Published: August 3, 2020
By Mai
4 min read
Retrospect: Choosing The Perfect College Major

If you find yourself stuck in choosing what college degree to pursue, then don’t worry, you are not alone. Many of us do not know what we want to do with our lives until many years later, hence why many adults experience a quarter-life and mid-life crisis quite often. As you find yourself deciding what career path to pursue, let me share with you my thoughts from what I’ve experienced in college and my lessons that may or may not help you in the long run.

Many young students are left with two options to choose from: a career with good money and stability vs. a career that relates to their interests and hobbies. Between these two choices, one will usually mean accepting what society tells them is successful, while the other one means turning their backs on what they love doing.

The most common outcome is picking a college degree that will provide good pay and stability. A reason for this is because money and economic profits is the number one motivation above all else. We create normality out of any practice or profession and we put labels on what majors have higher chance of success. Over the years, we have started to abuse this concept by narrowing our options and only strive for high paying jobs only. We neglect what other options are there that might fit our personality and our stress levels better.

We, as a society, have mixed inner greatness with money and power and place influence on each generation that comes along. No one dares to explore other professions as much because everyone wants to make their money proliferate in this affluent type of culture rather than spending their time doing something they love. That is because the words “money” and “success” are akin in most people’s minds and are something constant no matter who or where we came from. Students who do decide to major in music, philosophy, or liberal arts often face severe feelings of inadequacy because they are compared to society’s standard of what is successful.

Most college students are afraid to choose the major they love because their major is not a profession that the parents approve of necessarily, or that society necessarily approves of. While some students pick stressful majors because they love “engineering” or because they have a “passion” for science, I can’t help wondering why they would dive in a tremendous amount of anxiety and unhappiness for the sake of material gain and reputation. However, it’s not the student’s fault. Parents, a lot of the time, tells us to shade our own legacy conforming to what society tells us is right. I learned that there is a huge space of contradiction as we grow up. Often parents tell us to be what we want to be, except ourselves.

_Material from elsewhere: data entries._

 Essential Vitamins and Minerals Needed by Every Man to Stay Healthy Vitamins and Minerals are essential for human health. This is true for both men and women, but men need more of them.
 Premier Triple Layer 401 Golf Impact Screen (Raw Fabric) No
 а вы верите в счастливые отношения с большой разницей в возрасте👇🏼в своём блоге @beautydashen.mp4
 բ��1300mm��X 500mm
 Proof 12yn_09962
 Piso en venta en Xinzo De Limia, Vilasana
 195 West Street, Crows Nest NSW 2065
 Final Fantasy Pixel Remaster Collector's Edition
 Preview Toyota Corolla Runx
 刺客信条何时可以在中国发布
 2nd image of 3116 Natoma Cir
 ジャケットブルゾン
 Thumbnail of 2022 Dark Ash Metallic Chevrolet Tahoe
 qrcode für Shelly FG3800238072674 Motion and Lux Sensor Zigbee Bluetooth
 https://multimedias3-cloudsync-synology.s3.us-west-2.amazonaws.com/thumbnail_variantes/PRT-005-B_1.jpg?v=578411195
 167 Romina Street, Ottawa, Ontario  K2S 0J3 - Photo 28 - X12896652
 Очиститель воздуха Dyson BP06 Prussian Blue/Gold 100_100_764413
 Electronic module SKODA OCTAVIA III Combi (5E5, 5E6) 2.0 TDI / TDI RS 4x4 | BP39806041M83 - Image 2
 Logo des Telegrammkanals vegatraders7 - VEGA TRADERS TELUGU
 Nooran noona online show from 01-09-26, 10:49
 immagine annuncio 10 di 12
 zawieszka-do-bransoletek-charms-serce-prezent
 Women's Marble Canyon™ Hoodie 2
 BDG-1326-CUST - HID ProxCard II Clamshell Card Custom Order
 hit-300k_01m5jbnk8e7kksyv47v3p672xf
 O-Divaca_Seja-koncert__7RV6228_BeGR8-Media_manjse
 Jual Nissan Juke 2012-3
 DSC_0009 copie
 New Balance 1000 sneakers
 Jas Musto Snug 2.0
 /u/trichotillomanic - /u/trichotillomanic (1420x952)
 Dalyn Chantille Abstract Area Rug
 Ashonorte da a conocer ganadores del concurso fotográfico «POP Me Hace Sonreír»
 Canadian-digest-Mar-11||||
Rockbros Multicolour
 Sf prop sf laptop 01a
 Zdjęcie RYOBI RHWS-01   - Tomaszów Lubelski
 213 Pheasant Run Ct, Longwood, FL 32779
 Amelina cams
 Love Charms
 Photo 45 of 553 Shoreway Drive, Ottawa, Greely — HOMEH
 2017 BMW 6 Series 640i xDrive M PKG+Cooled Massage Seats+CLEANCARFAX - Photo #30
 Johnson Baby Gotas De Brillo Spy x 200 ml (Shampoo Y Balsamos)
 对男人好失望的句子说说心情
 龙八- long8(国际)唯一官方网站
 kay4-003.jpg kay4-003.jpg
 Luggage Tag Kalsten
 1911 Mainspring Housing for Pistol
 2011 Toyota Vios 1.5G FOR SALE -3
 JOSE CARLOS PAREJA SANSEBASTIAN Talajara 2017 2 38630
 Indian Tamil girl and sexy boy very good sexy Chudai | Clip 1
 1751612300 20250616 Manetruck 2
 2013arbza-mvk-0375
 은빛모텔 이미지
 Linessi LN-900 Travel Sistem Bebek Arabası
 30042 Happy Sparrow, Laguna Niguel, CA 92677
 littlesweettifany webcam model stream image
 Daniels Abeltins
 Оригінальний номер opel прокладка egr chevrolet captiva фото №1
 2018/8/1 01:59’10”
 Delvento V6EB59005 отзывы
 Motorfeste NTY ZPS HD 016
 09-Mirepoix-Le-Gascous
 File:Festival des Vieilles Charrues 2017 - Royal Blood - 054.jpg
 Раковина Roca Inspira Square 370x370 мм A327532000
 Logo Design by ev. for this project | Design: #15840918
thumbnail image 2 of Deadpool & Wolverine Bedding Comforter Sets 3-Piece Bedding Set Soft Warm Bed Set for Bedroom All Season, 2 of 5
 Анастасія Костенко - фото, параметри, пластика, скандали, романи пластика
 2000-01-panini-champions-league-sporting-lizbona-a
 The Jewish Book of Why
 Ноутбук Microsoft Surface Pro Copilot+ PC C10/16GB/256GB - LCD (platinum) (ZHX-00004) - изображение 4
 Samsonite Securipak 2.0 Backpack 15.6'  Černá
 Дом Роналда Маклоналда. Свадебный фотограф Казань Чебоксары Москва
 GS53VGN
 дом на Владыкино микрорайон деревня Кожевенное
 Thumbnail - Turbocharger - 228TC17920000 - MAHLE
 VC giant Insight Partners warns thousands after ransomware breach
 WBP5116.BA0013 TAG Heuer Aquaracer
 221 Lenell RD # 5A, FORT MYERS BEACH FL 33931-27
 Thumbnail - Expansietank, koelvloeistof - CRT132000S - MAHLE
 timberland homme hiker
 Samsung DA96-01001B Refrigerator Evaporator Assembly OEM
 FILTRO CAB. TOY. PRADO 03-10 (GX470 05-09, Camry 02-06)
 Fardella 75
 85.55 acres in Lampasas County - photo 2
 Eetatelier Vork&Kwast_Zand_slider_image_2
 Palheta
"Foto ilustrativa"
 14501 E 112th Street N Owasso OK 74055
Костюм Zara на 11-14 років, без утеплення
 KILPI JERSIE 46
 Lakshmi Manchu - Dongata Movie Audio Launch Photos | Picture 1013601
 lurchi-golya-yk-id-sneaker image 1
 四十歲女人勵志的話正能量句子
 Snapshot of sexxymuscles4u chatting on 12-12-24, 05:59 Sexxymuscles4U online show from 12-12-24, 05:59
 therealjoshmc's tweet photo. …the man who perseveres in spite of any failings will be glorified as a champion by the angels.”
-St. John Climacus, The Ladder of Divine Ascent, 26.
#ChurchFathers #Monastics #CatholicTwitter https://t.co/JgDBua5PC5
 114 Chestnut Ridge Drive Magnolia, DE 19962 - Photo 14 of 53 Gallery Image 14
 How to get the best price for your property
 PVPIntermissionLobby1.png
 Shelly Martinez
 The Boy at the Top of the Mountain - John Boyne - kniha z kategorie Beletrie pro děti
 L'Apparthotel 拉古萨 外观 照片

But our legacy is what we create of it, and it is so much easier to craft legacy for ourselves with something we know we are good at. But sometimes what we are good at isn’t enough to survive in the real world. But, it is so much easier and enjoyable to be good at something when we are passionate about something, and if we’re passionate about something, we’re happy.

Let it be repeated that a student’s college major is not a role they play in society. It does not constitute a real picture of success; it is merely the conventional appearance of excessive pressure from today’s standards of greatness. These fields that we pursue, these jobs that we end up picking for ourselves, should be ones that we’re comfortable with and love to do. Not necessarily comfortable, it might be very uncomfortable to say the least, but pick something that you love and have passion for. And even though it might be intimidating, thrust yourself into it anyway, not because society or your parents tell us, but because you want to.